[Items from a dataset]

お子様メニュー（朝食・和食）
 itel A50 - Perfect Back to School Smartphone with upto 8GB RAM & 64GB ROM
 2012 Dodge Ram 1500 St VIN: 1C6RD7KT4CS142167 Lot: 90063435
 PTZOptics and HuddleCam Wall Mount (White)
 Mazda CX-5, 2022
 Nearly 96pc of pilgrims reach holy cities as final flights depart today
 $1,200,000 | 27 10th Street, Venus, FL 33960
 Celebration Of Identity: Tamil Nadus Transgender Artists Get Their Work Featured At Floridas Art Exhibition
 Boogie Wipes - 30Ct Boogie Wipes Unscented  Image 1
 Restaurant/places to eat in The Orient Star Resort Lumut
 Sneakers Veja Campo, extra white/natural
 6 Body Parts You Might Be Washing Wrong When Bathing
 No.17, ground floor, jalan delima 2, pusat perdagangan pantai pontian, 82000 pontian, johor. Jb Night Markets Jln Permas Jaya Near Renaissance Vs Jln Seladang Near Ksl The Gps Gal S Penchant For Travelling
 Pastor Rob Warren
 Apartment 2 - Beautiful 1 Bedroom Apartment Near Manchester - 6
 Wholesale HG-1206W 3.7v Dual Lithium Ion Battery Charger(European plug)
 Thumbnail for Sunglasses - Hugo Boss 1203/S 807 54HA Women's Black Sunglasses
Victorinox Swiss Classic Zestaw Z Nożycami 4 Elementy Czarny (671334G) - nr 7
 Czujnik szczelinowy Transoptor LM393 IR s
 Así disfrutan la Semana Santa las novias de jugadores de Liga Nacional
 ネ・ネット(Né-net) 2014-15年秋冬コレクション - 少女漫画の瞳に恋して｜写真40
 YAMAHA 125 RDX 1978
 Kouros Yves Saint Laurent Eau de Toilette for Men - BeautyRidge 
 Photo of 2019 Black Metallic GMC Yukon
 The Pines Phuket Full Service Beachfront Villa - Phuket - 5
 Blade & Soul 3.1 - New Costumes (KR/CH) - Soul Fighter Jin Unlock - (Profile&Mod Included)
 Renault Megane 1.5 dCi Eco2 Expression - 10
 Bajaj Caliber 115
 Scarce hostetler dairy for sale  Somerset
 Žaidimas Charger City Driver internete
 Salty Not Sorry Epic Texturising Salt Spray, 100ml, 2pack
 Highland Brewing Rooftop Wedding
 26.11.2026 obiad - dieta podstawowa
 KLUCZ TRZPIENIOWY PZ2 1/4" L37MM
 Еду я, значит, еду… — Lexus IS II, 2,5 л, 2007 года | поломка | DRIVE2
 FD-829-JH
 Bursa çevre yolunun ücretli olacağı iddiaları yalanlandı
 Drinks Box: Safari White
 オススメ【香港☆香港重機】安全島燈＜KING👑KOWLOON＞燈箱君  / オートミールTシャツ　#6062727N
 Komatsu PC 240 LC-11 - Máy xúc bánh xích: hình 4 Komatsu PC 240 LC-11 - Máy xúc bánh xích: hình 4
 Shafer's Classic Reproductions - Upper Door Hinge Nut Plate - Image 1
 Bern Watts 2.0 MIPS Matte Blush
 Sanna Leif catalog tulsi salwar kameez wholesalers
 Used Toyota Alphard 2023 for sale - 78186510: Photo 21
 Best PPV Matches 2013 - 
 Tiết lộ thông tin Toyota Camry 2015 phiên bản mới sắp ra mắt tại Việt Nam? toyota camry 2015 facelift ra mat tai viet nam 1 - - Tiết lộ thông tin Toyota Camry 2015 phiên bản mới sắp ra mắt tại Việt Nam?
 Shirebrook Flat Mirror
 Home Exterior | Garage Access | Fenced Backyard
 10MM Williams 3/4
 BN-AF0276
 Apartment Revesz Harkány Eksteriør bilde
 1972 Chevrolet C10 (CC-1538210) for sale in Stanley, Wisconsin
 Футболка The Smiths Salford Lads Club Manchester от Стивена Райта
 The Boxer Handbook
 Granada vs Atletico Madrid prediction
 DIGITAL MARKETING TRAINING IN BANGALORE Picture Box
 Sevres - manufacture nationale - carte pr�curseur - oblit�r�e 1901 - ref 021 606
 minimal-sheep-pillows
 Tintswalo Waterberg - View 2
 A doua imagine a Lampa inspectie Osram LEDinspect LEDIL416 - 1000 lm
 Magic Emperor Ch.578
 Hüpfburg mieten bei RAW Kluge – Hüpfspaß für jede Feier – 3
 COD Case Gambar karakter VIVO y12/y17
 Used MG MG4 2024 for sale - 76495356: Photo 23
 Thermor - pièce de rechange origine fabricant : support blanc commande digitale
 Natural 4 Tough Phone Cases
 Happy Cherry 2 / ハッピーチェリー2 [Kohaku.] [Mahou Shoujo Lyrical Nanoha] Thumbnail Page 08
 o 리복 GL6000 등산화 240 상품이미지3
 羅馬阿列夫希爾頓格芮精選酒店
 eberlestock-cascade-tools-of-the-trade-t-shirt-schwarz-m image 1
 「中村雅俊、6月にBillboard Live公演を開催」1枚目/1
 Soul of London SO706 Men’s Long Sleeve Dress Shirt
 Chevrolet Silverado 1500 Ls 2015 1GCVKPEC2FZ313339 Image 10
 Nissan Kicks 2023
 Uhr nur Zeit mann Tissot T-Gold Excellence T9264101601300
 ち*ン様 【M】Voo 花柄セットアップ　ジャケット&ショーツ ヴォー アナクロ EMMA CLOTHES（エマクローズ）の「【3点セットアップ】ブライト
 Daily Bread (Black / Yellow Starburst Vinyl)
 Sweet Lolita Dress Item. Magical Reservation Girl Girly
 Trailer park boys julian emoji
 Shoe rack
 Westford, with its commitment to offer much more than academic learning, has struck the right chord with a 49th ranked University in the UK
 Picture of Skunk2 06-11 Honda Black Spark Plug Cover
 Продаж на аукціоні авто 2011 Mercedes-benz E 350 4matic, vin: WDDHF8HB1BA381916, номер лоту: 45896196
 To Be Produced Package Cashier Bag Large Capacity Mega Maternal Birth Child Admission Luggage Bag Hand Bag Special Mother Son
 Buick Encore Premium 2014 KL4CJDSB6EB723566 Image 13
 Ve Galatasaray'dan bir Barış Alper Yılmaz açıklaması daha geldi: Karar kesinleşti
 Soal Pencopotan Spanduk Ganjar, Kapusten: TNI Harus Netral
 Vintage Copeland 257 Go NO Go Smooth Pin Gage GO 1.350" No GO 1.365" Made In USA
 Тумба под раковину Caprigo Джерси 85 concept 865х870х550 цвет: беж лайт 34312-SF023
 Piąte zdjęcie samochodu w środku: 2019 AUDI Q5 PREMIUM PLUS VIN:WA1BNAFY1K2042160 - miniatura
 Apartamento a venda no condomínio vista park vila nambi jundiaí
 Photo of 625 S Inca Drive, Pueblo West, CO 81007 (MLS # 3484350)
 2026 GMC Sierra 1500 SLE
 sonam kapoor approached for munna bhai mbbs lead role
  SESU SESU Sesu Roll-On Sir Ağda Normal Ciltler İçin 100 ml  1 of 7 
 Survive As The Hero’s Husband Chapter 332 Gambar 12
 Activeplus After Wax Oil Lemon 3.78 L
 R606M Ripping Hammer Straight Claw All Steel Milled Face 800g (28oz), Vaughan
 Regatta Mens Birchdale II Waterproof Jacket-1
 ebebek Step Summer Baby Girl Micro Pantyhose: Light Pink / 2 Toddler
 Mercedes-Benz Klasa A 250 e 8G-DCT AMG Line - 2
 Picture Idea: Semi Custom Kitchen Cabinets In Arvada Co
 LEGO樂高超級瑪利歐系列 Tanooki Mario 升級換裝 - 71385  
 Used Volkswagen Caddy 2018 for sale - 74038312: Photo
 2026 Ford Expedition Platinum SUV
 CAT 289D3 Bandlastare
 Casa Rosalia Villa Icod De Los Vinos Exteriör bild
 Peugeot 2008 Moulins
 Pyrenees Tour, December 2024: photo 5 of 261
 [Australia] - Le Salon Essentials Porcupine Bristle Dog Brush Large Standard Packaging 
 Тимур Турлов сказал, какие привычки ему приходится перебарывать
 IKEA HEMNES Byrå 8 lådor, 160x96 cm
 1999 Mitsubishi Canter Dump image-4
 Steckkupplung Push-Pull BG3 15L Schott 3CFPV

#### TO DO
Report each line in the data above that holds the word "Mercedes" by copying it.

#### ANSWER TO THE EXERCISE
 Продаж на аукціоні авто 2011 Mercedes-benz E 350 4matic, vin: WDDHF8HB1BA381916, номер лоту: 45896196
 Mercedes-Benz Klasa A 250 e 8G-DCT AMG Line - 2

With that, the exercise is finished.